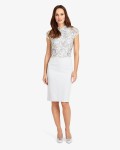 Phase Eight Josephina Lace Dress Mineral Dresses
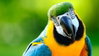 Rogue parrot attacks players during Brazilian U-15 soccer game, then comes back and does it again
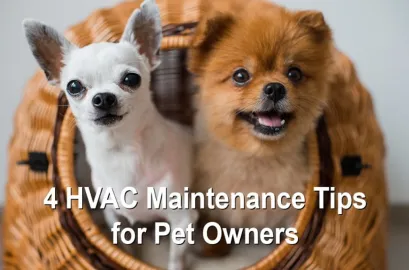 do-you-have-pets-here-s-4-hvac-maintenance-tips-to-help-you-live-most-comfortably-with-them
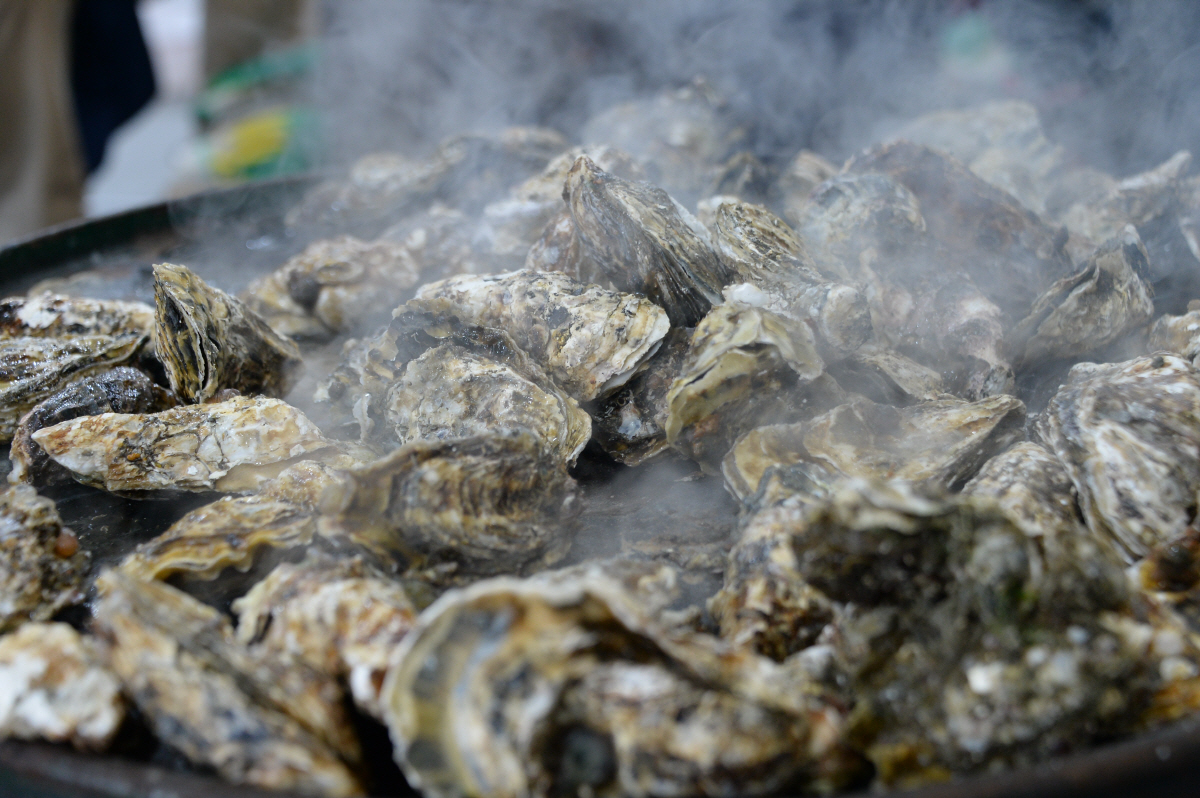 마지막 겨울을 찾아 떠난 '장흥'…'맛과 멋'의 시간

==

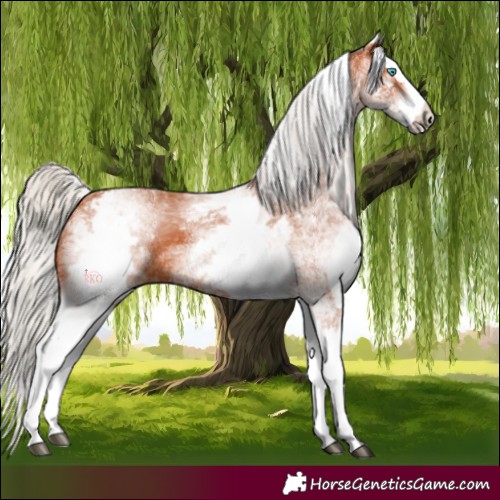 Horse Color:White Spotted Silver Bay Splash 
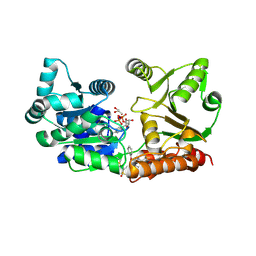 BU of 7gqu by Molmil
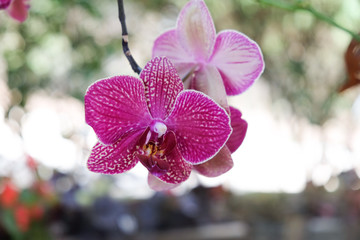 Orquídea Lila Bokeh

#### [Work order]
Reproduce the lines above starting at the one with "Phase Eight Josephina" and ending at the one with "마지막 겨울을 찾아 떠난 '장흥'…'맛과 멋'의 시간", both included, exactly and with no pictures.

#### [Solution to this problem]
 Phase Eight Josephina Lace Dress Mineral Dresses
 Rogue parrot attacks players during Brazilian U-15 soccer game, then comes back and does it again
 do-you-have-pets-here-s-4-hvac-maintenance-tips-to-help-you-live-most-comfortably-with-them
 마지막 겨울을 찾아 떠난 '장흥'…'맛과 멋'의 시간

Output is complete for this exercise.